DATA RECORDS START
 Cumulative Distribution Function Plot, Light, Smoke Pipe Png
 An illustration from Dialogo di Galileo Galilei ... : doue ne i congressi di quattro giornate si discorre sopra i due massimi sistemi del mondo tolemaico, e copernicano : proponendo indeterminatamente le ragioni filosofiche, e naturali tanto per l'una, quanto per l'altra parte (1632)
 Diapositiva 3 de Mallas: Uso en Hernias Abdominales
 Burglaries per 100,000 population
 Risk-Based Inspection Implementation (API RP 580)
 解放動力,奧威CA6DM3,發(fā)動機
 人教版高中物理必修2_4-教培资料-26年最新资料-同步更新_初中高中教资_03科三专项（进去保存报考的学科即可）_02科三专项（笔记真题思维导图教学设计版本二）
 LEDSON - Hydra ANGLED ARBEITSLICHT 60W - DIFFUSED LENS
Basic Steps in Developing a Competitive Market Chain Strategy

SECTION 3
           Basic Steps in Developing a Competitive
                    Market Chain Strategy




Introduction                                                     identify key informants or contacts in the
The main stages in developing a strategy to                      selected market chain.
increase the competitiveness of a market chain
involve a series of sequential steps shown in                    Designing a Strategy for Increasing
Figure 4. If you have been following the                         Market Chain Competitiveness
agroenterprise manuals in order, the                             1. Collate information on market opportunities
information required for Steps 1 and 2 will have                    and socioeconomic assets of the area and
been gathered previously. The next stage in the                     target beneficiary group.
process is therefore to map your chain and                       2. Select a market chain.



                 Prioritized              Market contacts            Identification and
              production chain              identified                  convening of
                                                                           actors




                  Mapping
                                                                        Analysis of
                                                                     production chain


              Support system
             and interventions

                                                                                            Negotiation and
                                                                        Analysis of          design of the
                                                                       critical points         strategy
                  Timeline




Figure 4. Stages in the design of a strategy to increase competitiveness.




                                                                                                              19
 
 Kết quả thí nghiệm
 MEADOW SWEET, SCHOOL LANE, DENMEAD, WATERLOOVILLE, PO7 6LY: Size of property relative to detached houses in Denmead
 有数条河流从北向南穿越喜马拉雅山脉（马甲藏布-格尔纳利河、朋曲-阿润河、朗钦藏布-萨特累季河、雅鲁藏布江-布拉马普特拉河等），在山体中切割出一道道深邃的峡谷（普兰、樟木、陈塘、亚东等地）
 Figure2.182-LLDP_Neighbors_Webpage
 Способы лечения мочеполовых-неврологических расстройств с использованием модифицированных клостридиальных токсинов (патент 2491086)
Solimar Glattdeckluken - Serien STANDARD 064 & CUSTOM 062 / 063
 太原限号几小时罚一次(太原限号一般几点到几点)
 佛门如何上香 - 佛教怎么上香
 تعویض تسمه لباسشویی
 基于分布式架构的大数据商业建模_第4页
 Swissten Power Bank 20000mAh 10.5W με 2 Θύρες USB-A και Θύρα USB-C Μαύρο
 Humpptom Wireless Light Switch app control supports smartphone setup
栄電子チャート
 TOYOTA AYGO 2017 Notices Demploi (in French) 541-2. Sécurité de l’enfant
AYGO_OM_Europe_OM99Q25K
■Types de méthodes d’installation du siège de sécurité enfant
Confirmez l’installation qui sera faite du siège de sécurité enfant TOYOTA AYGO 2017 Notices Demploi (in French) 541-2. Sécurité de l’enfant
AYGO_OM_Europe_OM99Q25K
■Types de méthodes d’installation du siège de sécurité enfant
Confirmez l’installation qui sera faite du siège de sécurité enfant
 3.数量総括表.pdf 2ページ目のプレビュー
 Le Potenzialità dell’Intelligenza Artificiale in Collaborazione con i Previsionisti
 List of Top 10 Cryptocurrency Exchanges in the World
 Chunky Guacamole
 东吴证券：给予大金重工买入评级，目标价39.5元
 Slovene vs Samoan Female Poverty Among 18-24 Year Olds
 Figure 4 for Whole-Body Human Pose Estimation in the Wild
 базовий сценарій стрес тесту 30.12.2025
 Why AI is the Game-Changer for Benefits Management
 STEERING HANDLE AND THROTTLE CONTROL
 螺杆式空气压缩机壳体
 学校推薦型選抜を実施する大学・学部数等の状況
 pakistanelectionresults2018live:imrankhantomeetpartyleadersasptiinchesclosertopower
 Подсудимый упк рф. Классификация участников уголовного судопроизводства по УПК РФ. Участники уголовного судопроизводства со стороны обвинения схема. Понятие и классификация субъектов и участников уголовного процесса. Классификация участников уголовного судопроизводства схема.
DATA RECORDS END
### EXERCISE BRIEF
Nothing should appear in the answer except the lines above from the line with "有数条河流从北向南穿越喜马拉" through the line with "Figure2.182-LLDP_Neighbors_Webpage", both included, written out exactly.

### TASK RESPONSE
 有数条河流从北向南穿越喜马拉雅山脉（马甲藏布-格尔纳利河、朋曲-阿润河、朗钦藏布-萨特累季河、雅鲁藏布江-布拉马普特拉河等），在山体中切割出一道道深邃的峡谷（普兰、樟木、陈塘、亚东等地）
 Figure2.182-LLDP_Neighbors_Webpage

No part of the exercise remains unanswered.